▶ _DATA FOR THE TASK_:
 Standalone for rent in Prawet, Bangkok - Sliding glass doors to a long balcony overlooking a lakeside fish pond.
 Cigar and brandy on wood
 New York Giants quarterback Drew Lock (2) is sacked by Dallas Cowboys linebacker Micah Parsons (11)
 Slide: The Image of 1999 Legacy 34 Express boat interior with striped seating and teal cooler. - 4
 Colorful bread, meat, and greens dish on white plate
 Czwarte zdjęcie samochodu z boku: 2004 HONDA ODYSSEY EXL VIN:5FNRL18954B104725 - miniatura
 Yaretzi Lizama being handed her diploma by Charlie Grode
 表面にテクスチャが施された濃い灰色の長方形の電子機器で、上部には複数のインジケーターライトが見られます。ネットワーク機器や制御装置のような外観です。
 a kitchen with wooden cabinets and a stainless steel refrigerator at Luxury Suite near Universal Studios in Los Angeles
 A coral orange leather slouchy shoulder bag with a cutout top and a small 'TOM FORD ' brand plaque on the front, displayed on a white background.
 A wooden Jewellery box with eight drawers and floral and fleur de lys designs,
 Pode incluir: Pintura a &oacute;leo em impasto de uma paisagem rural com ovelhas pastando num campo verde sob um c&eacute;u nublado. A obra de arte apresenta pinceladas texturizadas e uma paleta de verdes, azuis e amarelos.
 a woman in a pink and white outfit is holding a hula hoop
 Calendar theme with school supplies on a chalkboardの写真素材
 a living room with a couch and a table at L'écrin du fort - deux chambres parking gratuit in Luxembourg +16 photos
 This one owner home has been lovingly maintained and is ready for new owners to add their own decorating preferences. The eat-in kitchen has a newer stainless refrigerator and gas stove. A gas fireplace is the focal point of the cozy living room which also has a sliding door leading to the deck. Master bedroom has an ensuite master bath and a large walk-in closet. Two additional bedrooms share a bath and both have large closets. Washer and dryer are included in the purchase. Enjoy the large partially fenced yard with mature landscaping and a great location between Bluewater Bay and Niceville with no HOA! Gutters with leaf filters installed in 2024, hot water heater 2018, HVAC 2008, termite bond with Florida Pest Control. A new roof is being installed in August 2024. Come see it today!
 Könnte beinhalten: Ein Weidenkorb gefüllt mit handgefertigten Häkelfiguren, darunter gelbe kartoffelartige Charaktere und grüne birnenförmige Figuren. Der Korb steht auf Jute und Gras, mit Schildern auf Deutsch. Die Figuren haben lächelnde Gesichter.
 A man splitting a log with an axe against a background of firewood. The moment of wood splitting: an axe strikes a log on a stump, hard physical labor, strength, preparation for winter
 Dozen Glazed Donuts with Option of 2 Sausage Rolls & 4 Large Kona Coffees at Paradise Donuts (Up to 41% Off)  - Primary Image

▶ _WORK ORDER_: Please filter the listing down to lines that include the word "wooden".

▶ _COMPLETED TASK_:
 a kitchen with wooden cabinets and a stainless steel refrigerator at Luxury Suite near Universal Studios in Los Angeles
 A wooden Jewellery box with eight drawers and floral and fleur de lys designs,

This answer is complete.